The second was to say that we should be able to publish semantic information in the same easy way that we publish web-pages–through content-management systems, blogs, and so on.

But the third advance is perhaps the most important; Microformats essentially said that we can teach end-users about a specific set of terms that help them do something useful, without having to teach them ‘big picture’ stuff. This meant that authors could be taught just enough mark-up to add contact details, events, licensing information, geo locations…and so on.

Problems with Microformats

Microformats opened the way for a new approach to the semantic web, but it does of course have its weaknesses.

The first is that it ‘overloads’ many of the HTML attributes to carry semantic information, in such a way that they can interfere with the normal use of the attribute. This is why people are now having accessibility problems, because some of the attributes are trying to play two or three roles.

The second weakness is that mixing vocabularies starts to get messy; because each Microformat is a combination of vocabulary and syntax, then it is actually quite specific, and they can therefore interfere with each other.

The third weakness if that because each vocabulary also requires ‘syntax’, then even if a perfectly usable vocabulary exists, it has to be ‘converted’ to be a Microformat.

RDFa is about syntax

RDFa started life at around the same time as Microformats, and holds with many of the same philosophies–that the semantic web is never going to happen unless metadata is as easy to publish as a web-page, and that authors should have an easy way to add information without having to understand the ‘big picture’.

But RDFa set out to address a slightly different set of problems; instead of defining new vocabularies, it sought to create a generic syntax that can accommodate any vocabulary, allowed multiple vocabularies on a page, and did so in any mark-up language.

And whereas the Microformat community took as a fundamental principle that they wouldn’t modify HTML at all, we took advantage of one of the key extension mechanisms of HTML which is that unrecognised attributes should simply be ignored by an HTML parser (i.e., they should not throw an error).

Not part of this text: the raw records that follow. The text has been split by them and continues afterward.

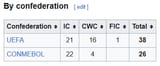 world-champions-by-confederation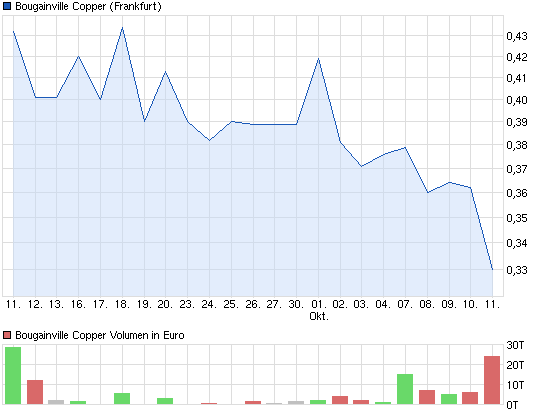 chart_month_bougainvillecopper.png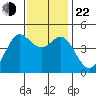 Fitzgerald Marine Reserve tide chart for Friday, November 22, 2024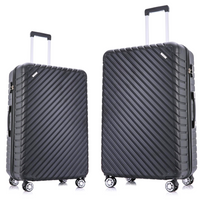 Flymax Seoul Defender 2-Piece Luggage Set – Where Durability Meets Elegance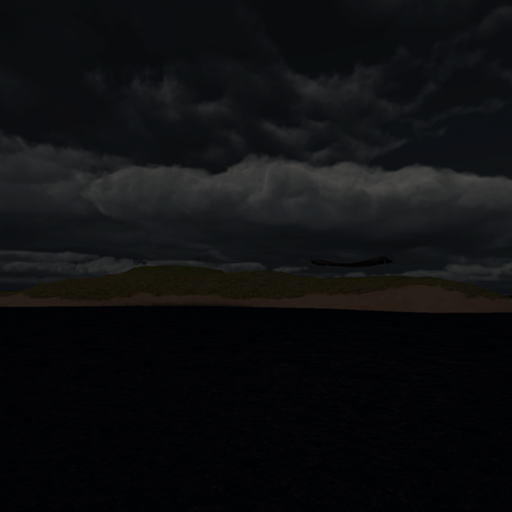 Weather Experiments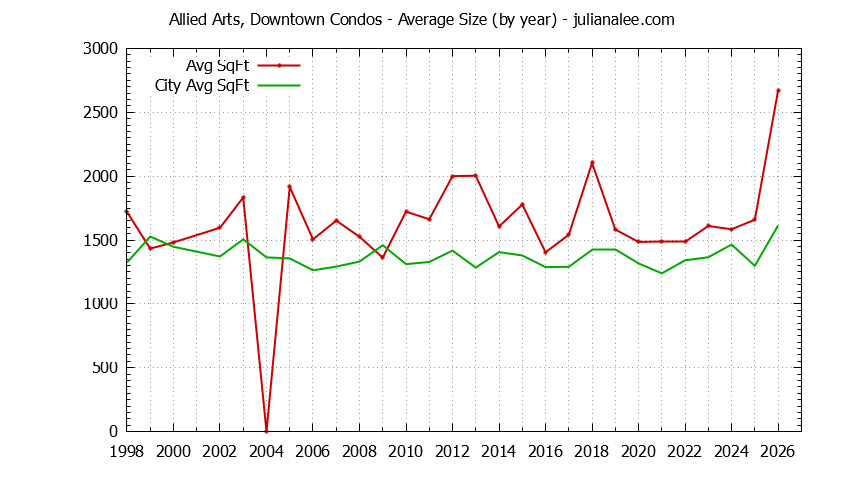 Yearly Average Size of Allied Arts, Downtown vs. Menlo Park Condos Sold Graph of the Yearly Average Size of Allied Arts, Downtown vs. Menlo Park Condos Sold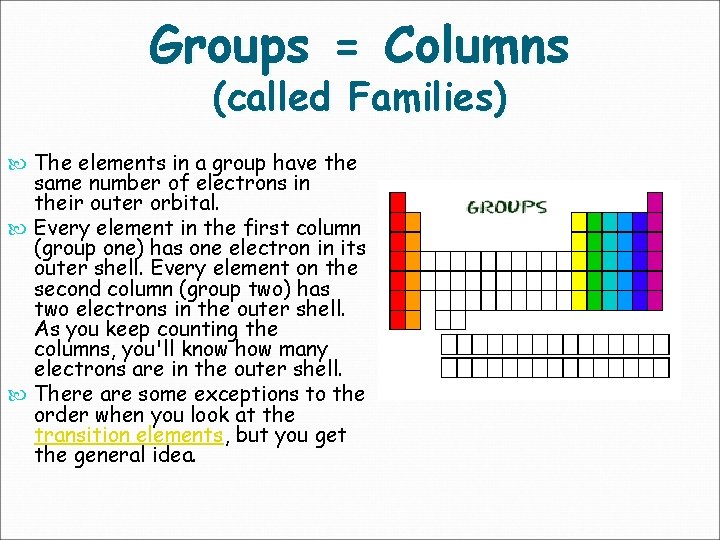Groups = Columns (called Families) The elements in a group have the same number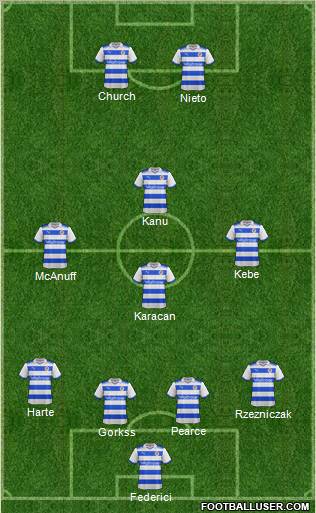 Reading football formation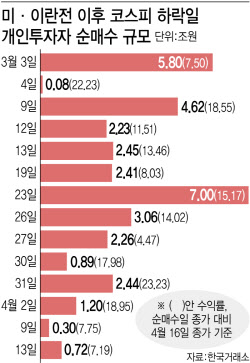 공포장마다 쓸어담았다…미·이란전 발발 후 ‘14전 14승’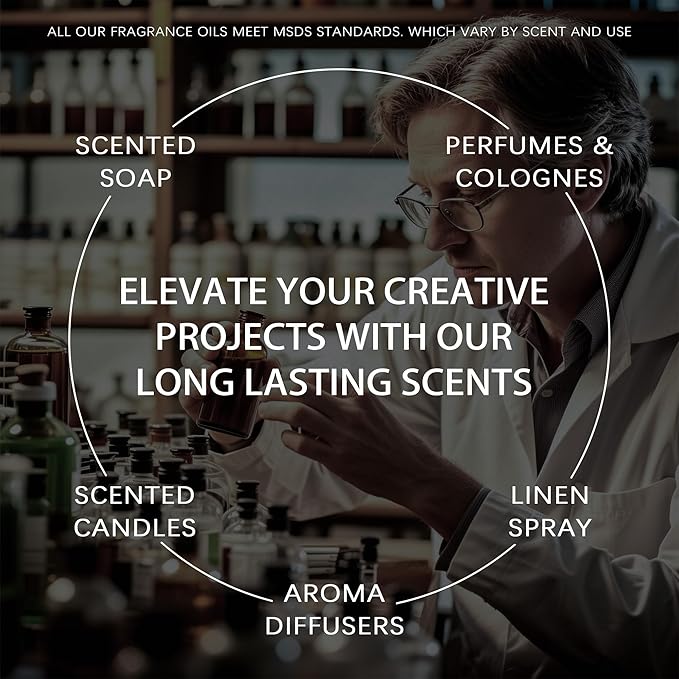 Essential Oils Set - Top 6 Luxury Scents for Diffuser, Humidifier, Aromatherapy, Candle & Soap Making, Premium Scented Oil Gift Set for Home & Office, Inspired by Luxury Brand perfumes(20ML)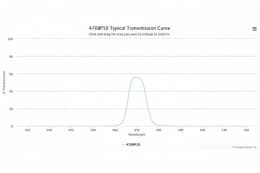 Полосовой оптический фильтр 470BP10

So by adding a handful of new attributes to HTML and XHTML, RDFa doesn’t interfere with the existing uses of attributes, such as for accessibility.

Microformats and RDFa

Ultimately, if people can put their prejudices to one side, there should be no reason why these two ground-breaking technologies can’t work together.

To illustrate, take the rel-license Microformat. It’s a nice, simple, self-contained document about how to use the license value in @rel and @rev. To specify the license of a current document, an author can add something like this:

<a href="http://creativecommons.org/licenses/by/2.0/" rel="license>cc by 2.0</a>

This is perfectly valid HTML, making use of @rel with @href, and it’s nice and easy to explain–the key component of Microformats.

But it’s not widely known that this is also perfectly valid RDFa.

However, RDFa takes this a step further, and provides authors with the ability to talk about other things, not just the current document.

Individual licenses for images

A common situation is to have a number of images on a page, and to want to indicate the license of each of them. With RDFa you now can.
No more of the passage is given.